I can give them a general answer such as, "Electricity is everywhere. Your cell phone, wifi, snapchat, heater, and refrigerator all exists through an understanding of electricity." I think it is difficult because I cannot directly point to a specific problem in their lives. There are just many concepts and applications that I don't understand and wonder about.

I wonder.…

"Why does my phone battery get hot for certain objects?"

"Why do rechargeable batteries decrease in their live with the number of charges?"

"How is data transferred through the air?"

*Binary-->Hexadecimal-->Machine Code-->Programming Language

*Waves- Frequency Modulation(FM) and Amplitude Modification (AM)

I think I get caught up in all the information and explanations that I do not know. Rather than seeing "what I don't know" as an opportunity to wonder and learn, I have been reacting out of fear and insecurity. I mentioned the imposter syndrome in one of my earlier reflections. The imposter syndrome is the idea that I am not a good enough teacher and I will be found out. I will have to work on accepting my imperfections and limitations so that I can keep moving forwards and taking risks. (IB learner profile trait).

The whole point of this "modeling curriculum" and my Imagine IT project about scientific models was get students to think about different ways to represent their thinking.

Why do I think that two objects, ideas, or phenomena are related?

How do objects and ideas interact with each other?

How can we design experiments to describe the nuances of these interactions?

I think I have lost some of my initial goal because I haven't been explicitly instructing students about the modeling terminology and methods. Students are not clear on WHY we are doing labs and using discussions to come to a consensus.

How do I give my students a WHY? I can learn more about them individually to look for connections to the content. I could find general applications for the skills they are learning through the modeling pedagogy.

Rather than go "off the cuff" maybe I need to sit down and write out how these modeling skills will translate to every other content area and then every career. This will give me a quick reference to give to students. Then I can start thinking of smaller and more specific problems to their teenage lives in an IB school in Chicago.

I got lost an unfocused because I scrambling to learn the curriculum a day or two before I teach it to the students. So it seems that I just need to put in a little more legwork and learn the curriculum one or two more days ahead so I can relax and reflect on the work once or twice before I teach the material for the first time.

--> review, revise, and reteach the modeling method and why we are doing it.
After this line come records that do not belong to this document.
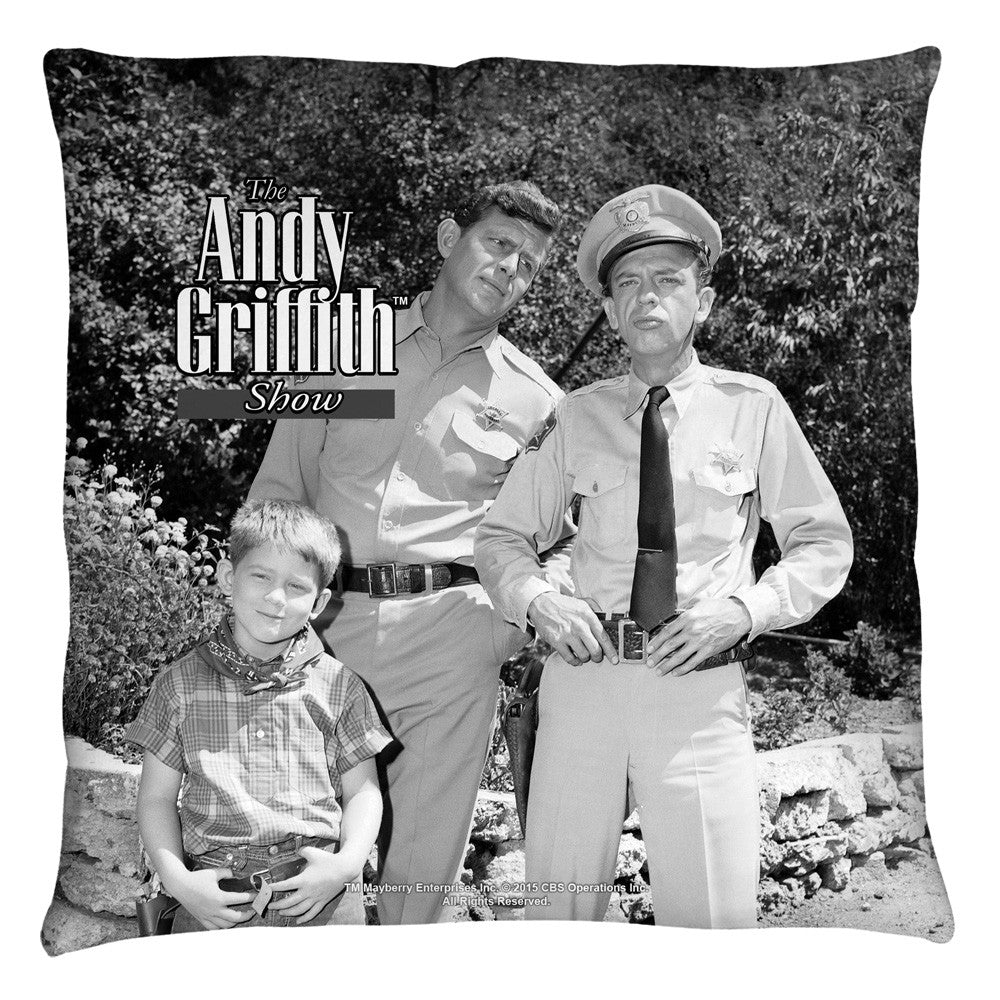 Throw Pillow -  - null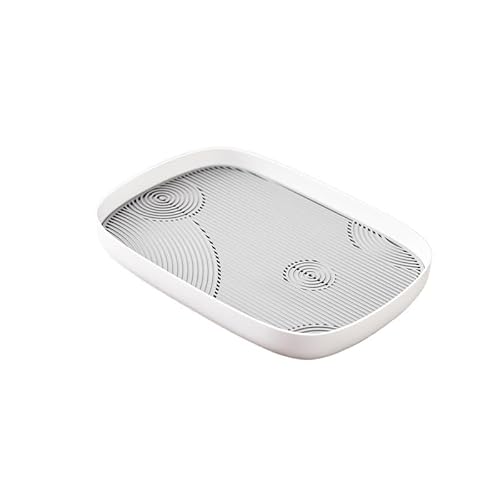 Kung Fu Teescheibe Teescheibe Abflussscheibe, moderne einfache Home-Office Trocken Teeschale, große Kapazität Wasserspeicher Kung Fu Tee-Geschirrtablett Home Teeschale Kung Fu Teescheibe Teescheibe Abflussscheibe, moderne einfache Home-Office Trocken Teeschale, große Kapazität Wasserspeicher Kung Fu Tee-Geschirrtablett Home Teeschale von TEESONG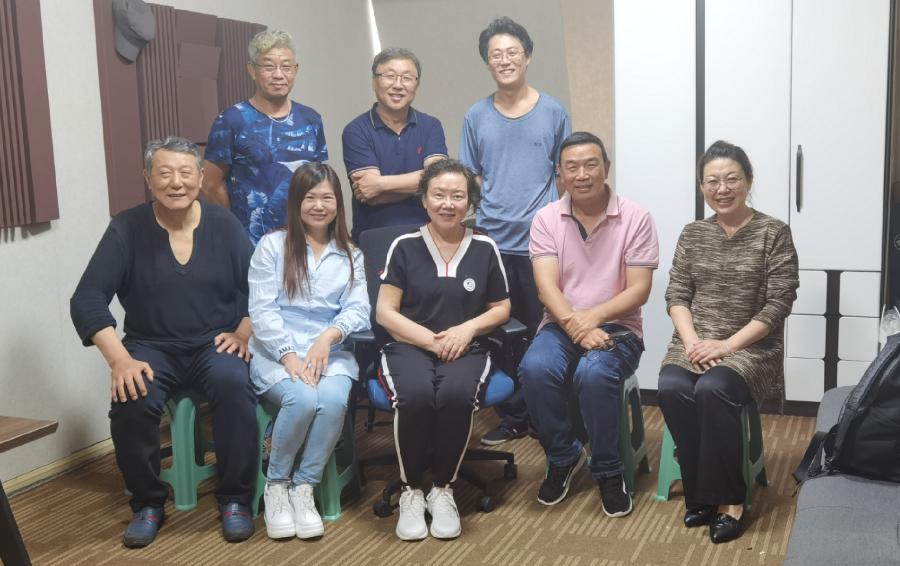 沈阳盛京悦读小剧场隆重推出百运骄子艺术团微广播剧《盛京茶馆—民国那些事儿之三》 编剧：阿木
--> explicitly teach CLAIM, EVIDENCE, REASONING explanations

-->EXPLICTLY TEACH: Evidence-->Reasoning-->Claim when doing experiments.

-->Explicitly teach the individual modeling skills and assess for them.

-->Create 3D visualizations for VR with ThinkLink

Here are some resources I am working on and looking through for instruction around Claim, Evidence, and Reasoning

- How to ask questions.
- How to assess how testable a question is.
- Design an experiment
- What tools do we use to measure__________?
- What units do we use to describe __________?
- How many trials?
- How many settings for the IV?

- Collect Data
- Analyze Data
- Interpret Data
- Multiple Representations of Data
- Explain logical conclusions
- Communicate in small groups
- Communicate in large group discussions to arrive at a consensus.

*These tend to align with the NGSS Science and Engineering Practices, the MYP Science Criterion B: Inquiring and Designing, and Criterion C: Processing and Evaluating.